THE RECORDS
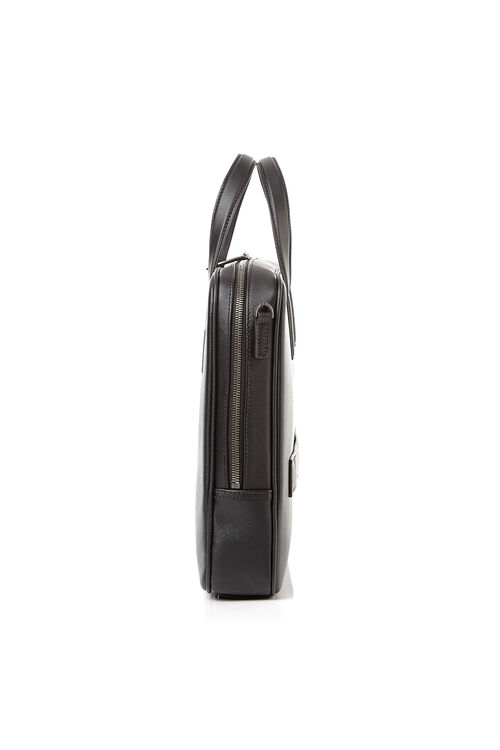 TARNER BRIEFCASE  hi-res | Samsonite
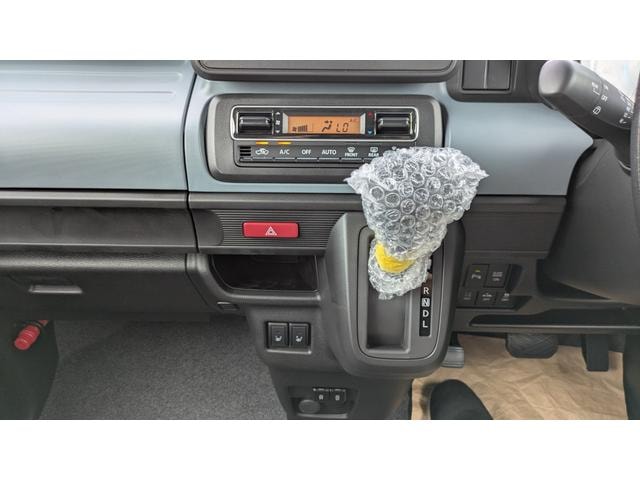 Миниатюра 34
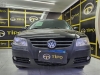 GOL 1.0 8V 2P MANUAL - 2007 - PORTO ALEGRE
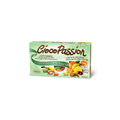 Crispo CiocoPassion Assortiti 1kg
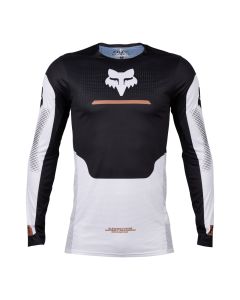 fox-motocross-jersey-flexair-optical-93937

...

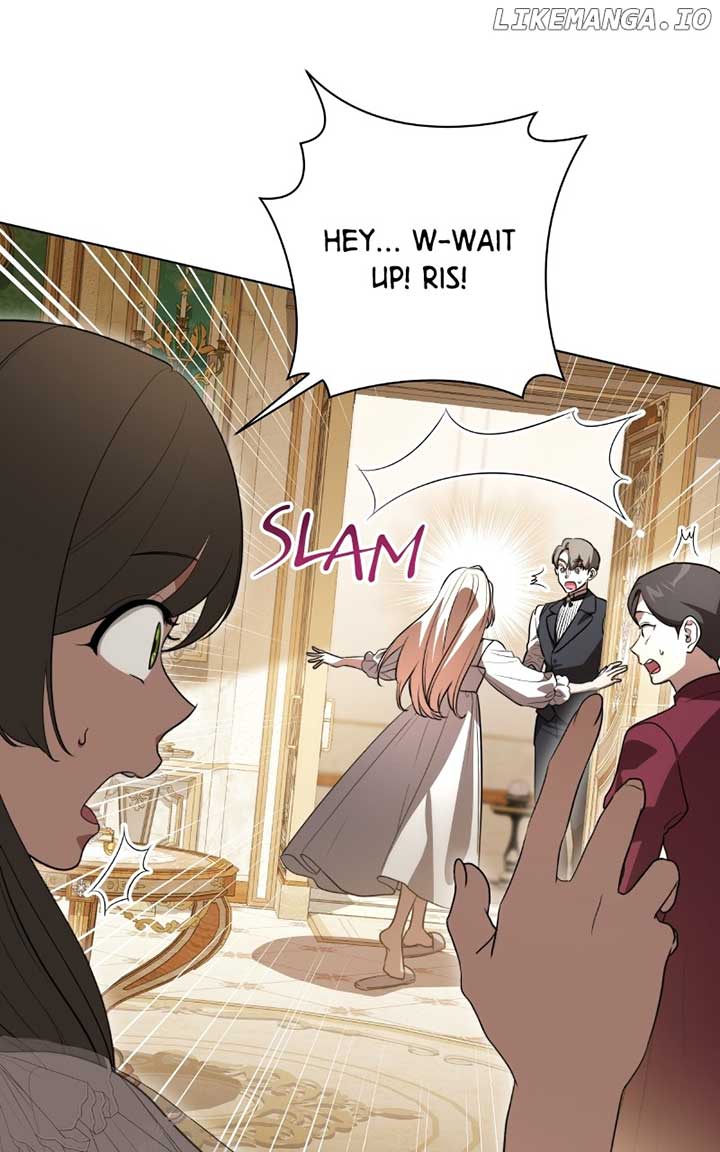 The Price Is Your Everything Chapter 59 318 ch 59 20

EXERCISE DESCRIPTION
Reproduce the listing above exactly from the line containing "Crispo CiocoPassion Assortiti 1kg" up to and including the line containing "fox-motocross-jersey-flexair-optical-93937", omitting any images and everything outside those lines.

OUTPUT BELOW
 Crispo CiocoPassion Assortiti 1kg
 fox-motocross-jersey-flexair-optical-93937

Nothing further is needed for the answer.